#### Assignment:
Print exactly the lines below between the line holding "RENAULT Clio 1.0 Equilibre-image-23" and the line holding "New 2026 Mercedes-Benz", inclusive, and nothing more.

#### Records to process:
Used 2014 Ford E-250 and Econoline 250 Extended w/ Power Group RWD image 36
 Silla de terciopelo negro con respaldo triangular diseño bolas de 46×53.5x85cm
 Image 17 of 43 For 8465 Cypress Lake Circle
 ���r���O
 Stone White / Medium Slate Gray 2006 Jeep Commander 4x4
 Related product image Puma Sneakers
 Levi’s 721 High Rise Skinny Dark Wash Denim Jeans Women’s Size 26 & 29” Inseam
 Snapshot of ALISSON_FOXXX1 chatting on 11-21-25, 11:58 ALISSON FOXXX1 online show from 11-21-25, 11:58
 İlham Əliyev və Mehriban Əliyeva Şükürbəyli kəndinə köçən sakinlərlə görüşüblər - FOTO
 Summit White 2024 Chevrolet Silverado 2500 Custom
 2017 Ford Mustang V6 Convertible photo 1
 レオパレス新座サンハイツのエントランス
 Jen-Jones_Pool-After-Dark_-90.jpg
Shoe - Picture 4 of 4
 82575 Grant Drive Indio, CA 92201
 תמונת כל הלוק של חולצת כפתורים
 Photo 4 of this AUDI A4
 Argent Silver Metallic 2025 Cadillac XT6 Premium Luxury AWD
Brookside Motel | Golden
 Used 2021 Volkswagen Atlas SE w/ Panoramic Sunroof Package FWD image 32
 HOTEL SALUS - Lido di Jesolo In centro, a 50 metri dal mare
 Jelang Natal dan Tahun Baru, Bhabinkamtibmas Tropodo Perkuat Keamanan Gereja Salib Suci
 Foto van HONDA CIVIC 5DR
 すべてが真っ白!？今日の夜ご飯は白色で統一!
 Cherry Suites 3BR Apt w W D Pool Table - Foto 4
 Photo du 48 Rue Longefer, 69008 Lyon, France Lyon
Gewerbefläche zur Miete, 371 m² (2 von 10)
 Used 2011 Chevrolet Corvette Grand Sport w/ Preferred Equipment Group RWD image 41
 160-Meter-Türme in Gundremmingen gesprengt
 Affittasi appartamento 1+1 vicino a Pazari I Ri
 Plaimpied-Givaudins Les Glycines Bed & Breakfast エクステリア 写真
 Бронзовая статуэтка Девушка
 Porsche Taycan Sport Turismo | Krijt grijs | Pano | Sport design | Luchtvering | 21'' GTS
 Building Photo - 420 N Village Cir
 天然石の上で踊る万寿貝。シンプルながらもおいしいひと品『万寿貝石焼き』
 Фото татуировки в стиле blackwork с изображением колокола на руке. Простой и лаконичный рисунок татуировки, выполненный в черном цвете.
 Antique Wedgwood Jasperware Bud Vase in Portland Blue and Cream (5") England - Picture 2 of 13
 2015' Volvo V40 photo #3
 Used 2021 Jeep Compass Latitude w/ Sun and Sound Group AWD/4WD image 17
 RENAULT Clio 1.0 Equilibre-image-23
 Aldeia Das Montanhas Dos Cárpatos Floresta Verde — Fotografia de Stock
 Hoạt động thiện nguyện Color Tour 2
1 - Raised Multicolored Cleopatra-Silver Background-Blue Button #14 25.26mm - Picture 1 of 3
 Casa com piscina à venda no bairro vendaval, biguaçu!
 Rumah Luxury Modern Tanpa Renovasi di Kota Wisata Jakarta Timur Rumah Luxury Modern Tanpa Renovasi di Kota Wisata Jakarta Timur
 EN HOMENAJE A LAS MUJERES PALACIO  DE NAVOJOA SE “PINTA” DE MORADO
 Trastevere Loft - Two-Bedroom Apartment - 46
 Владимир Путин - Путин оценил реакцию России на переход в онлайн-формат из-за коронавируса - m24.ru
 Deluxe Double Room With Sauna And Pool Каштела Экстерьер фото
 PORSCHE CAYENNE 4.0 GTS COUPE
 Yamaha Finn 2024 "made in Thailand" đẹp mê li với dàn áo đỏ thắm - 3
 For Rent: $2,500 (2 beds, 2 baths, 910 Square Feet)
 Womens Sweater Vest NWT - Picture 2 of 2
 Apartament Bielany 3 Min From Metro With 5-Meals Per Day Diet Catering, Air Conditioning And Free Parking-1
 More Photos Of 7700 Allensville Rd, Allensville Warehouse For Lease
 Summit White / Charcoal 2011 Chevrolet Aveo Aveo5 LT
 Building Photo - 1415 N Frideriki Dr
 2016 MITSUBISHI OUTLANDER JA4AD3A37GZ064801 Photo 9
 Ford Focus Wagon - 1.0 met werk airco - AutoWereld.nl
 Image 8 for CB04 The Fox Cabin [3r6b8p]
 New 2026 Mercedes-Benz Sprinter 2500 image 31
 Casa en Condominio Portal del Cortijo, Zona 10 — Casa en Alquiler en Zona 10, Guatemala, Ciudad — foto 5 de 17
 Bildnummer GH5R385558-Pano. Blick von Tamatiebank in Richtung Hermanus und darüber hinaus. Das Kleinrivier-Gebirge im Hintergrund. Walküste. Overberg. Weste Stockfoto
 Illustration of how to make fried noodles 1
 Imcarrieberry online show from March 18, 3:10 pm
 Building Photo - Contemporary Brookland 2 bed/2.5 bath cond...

#### Your response:
 RENAULT Clio 1.0 Equilibre-image-23
 Aldeia Das Montanhas Dos Cárpatos Floresta Verde — Fotografia de Stock
 Hoạt động thiện nguyện Color Tour 2
1 - Raised Multicolored Cleopatra-Silver Background-Blue Button #14 25.26mm - Picture 1 of 3
 Casa com piscina à venda no bairro vendaval, biguaçu!
 Rumah Luxury Modern Tanpa Renovasi di Kota Wisata Jakarta Timur Rumah Luxury Modern Tanpa Renovasi di Kota Wisata Jakarta Timur
 EN HOMENAJE A LAS MUJERES PALACIO  DE NAVOJOA SE “PINTA” DE MORADO
 Trastevere Loft - Two-Bedroom Apartment - 46
 Владимир Путин - Путин оценил реакцию России на переход в онлайн-формат из-за коронавируса - m24.ru
 Deluxe Double Room With Sauna And Pool Каштела Экстерьер фото
 PORSCHE CAYENNE 4.0 GTS COUPE
 Yamaha Finn 2024 "made in Thailand" đẹp mê li với dàn áo đỏ thắm - 3
 For Rent: $2,500 (2 beds, 2 baths, 910 Square Feet)
 Womens Sweater Vest NWT - Picture 2 of 2
 Apartament Bielany 3 Min From Metro With 5-Meals Per Day Diet Catering, Air Conditioning And Free Parking-1
 More Photos Of 7700 Allensville Rd, Allensville Warehouse For Lease
 Summit White / Charcoal 2011 Chevrolet Aveo Aveo5 LT
 Building Photo - 1415 N Frideriki Dr
 2016 MITSUBISHI OUTLANDER JA4AD3A37GZ064801 Photo 9
 Ford Focus Wagon - 1.0 met werk airco - AutoWereld.nl
 Image 8 for CB04 The Fox Cabin [3r6b8p]
 New 2026 Mercedes-Benz Sprinter 2500 image 31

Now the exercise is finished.